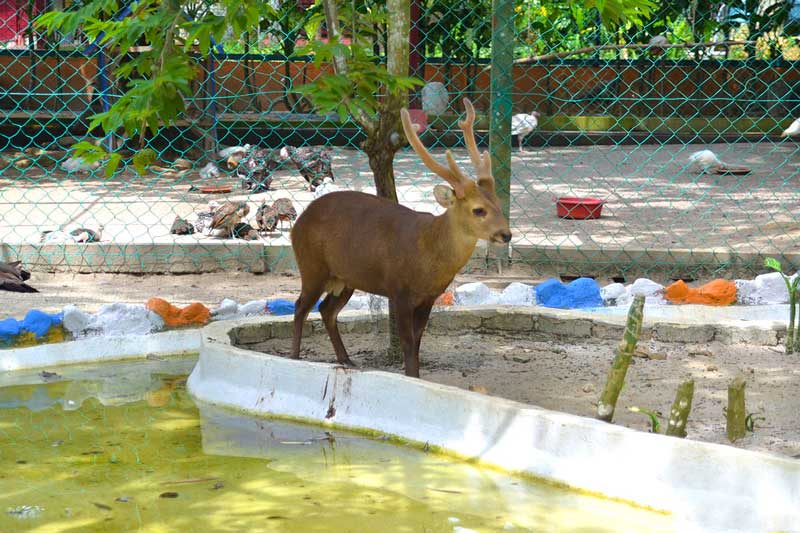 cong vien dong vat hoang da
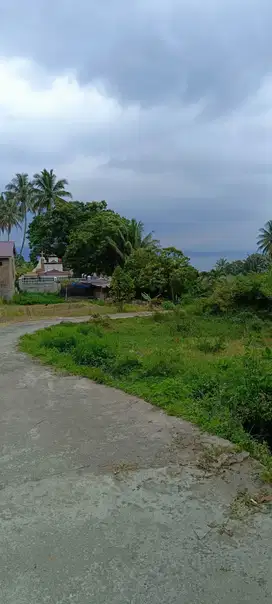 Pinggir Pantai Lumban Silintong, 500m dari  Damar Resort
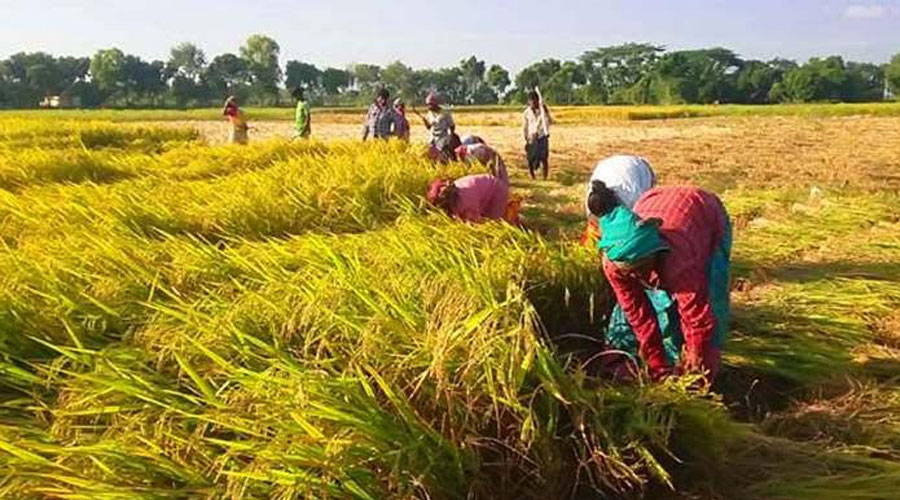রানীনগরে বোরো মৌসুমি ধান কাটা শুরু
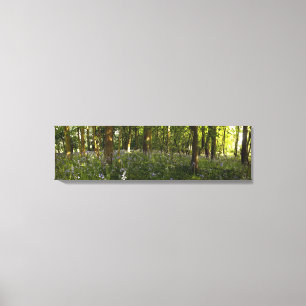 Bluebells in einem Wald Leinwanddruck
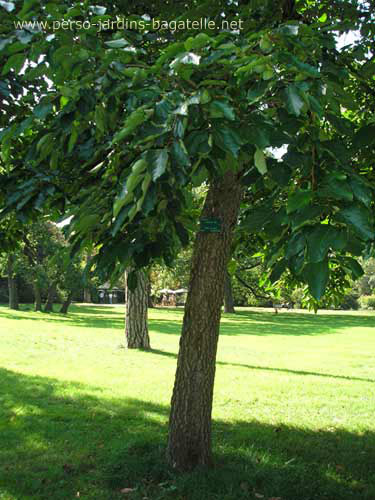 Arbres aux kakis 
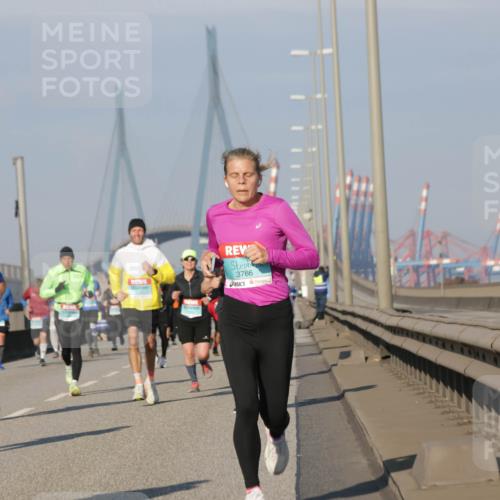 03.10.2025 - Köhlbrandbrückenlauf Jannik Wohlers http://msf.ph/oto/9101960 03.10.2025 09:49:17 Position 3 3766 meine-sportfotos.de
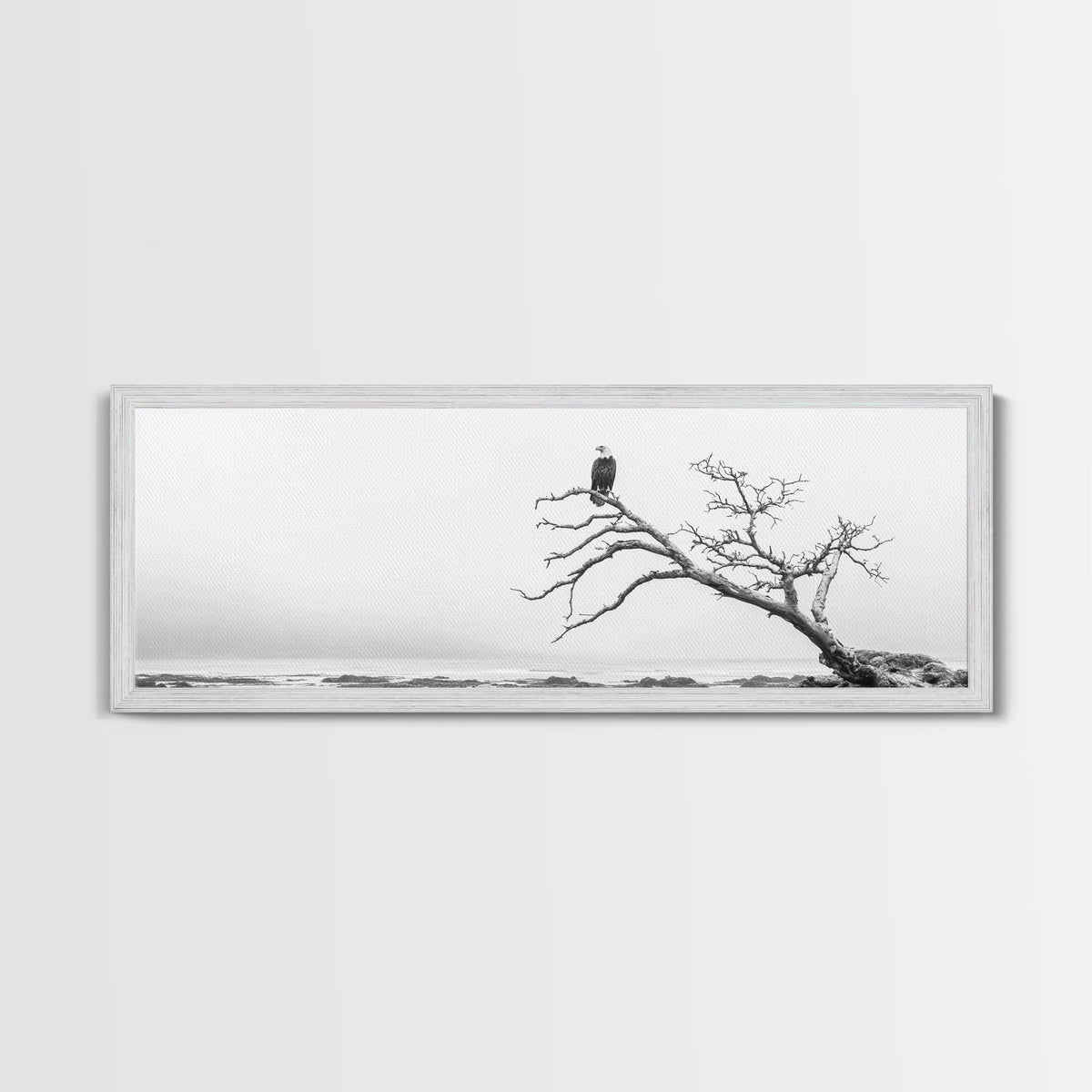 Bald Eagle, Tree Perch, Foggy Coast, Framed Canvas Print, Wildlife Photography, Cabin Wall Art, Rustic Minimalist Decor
.....
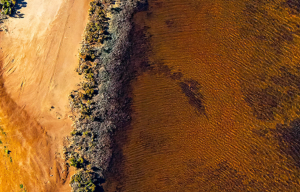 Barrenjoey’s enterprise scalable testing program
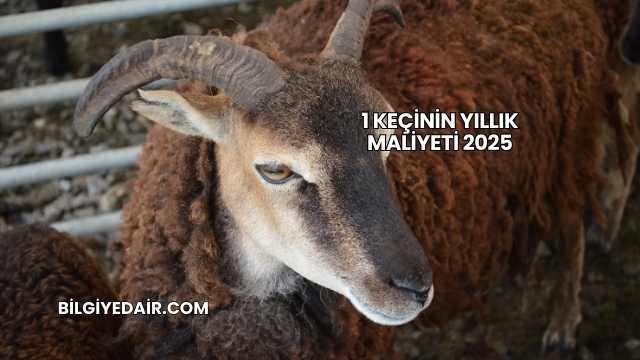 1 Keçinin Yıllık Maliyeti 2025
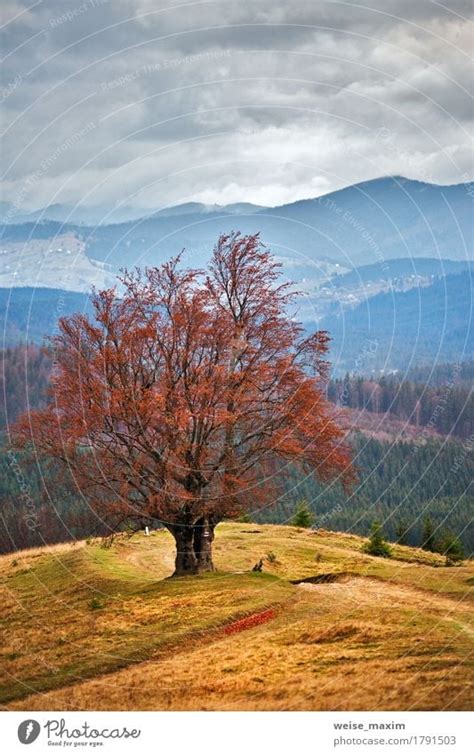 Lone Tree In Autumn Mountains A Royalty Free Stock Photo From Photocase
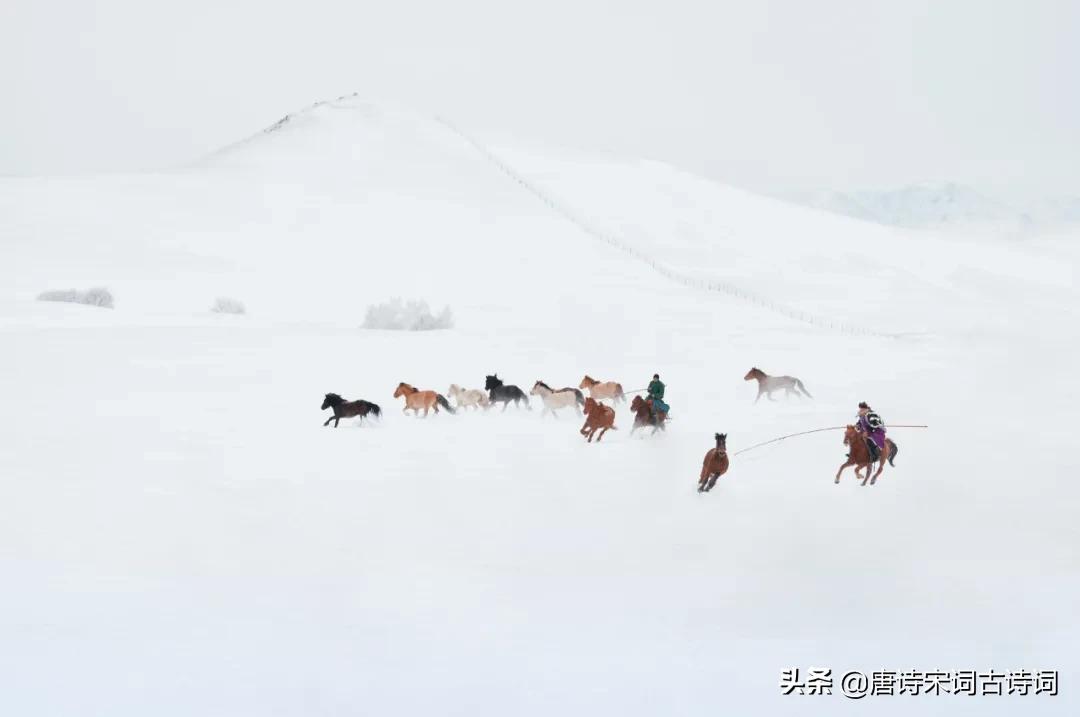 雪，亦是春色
.....
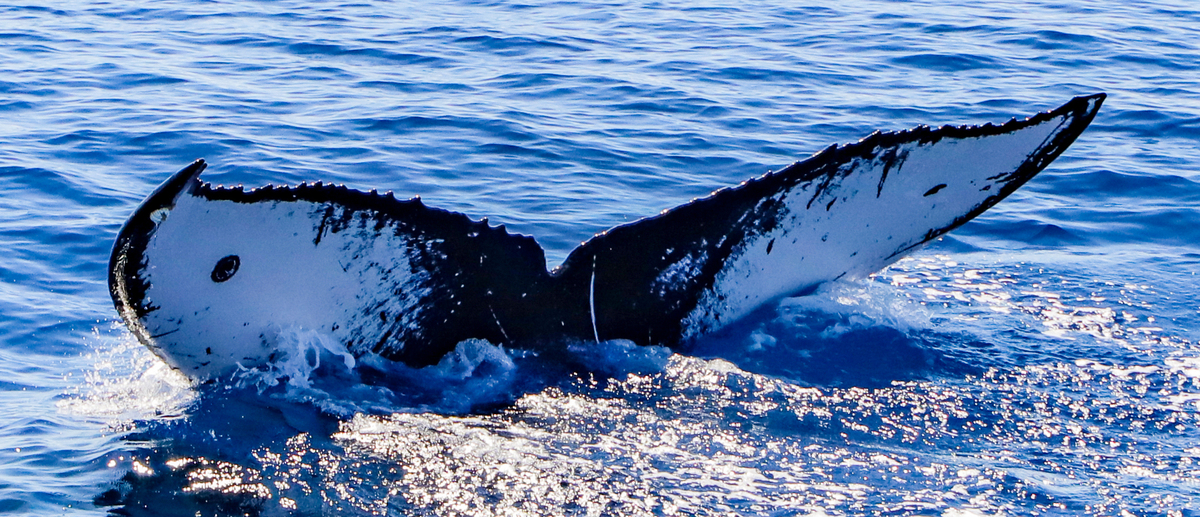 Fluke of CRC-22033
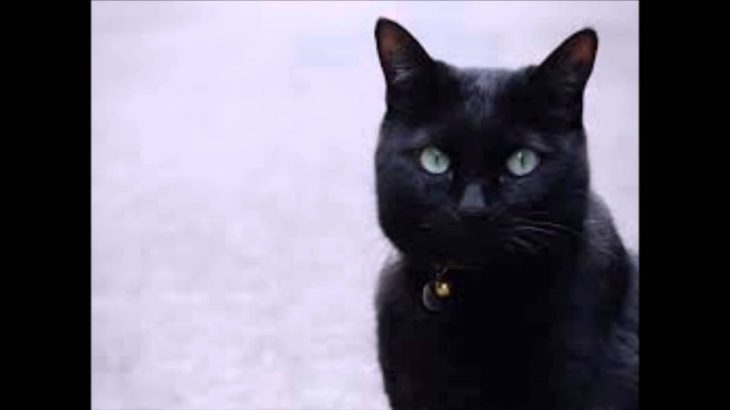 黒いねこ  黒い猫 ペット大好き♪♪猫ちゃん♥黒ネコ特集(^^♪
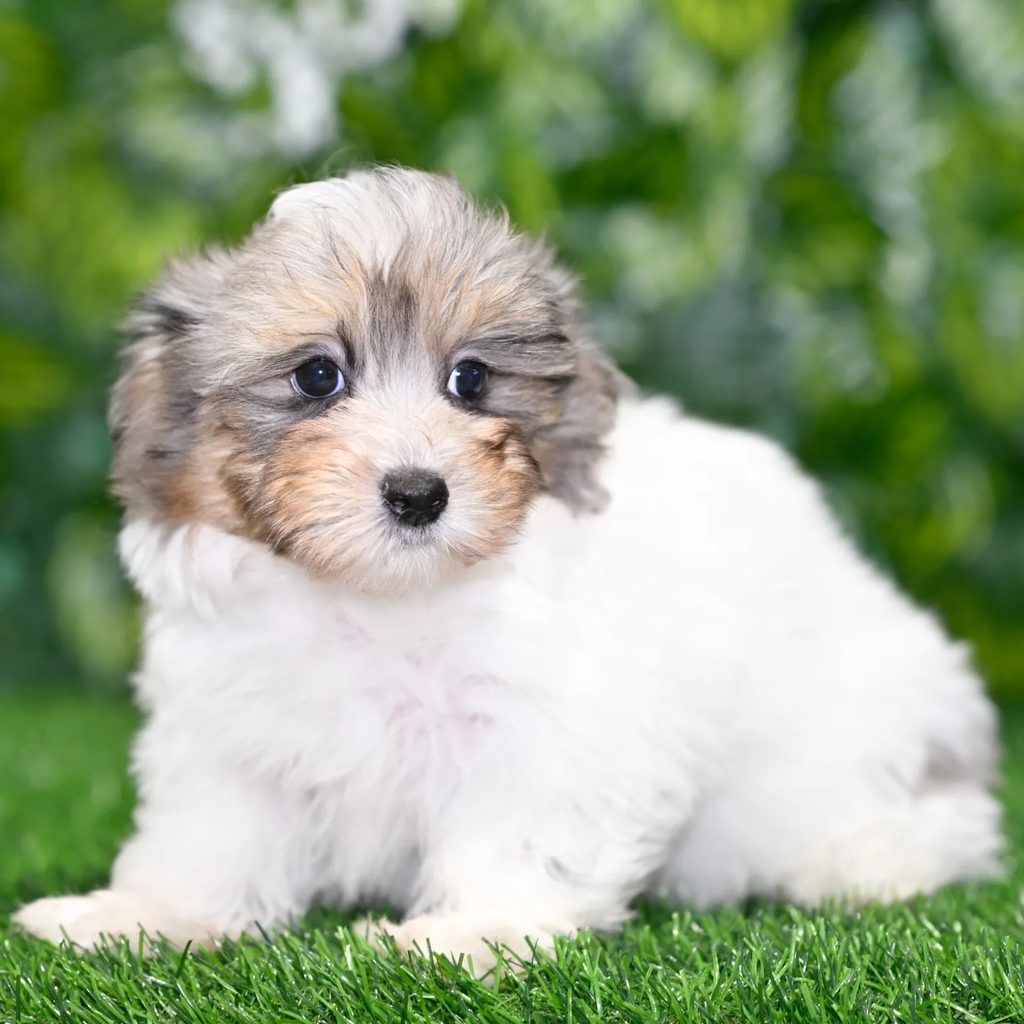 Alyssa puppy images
.....
**Task description**
Write out the lines above from the one with "cong vien dong vat hoang da" through the one with "Bald Eagle, Tree", ends included, exactly; no picture goes in.

**Response**
 cong vien dong vat hoang da
 Pinggir Pantai Lumban Silintong, 500m dari  Damar Resort
রানীনগরে বোরো মৌসুমি ধান কাটা শুরু
 Bluebells in einem Wald Leinwanddruck
 Arbres aux kakis 
 03.10.2025 - Köhlbrandbrückenlauf Jannik Wohlers http://msf.ph/oto/9101960 03.10.2025 09:49:17 Position 3 3766 meine-sportfotos.de
 Bald Eagle, Tree Perch, Foggy Coast, Framed Canvas Print, Wildlife Photography, Cabin Wall Art, Rustic Minimalist Decor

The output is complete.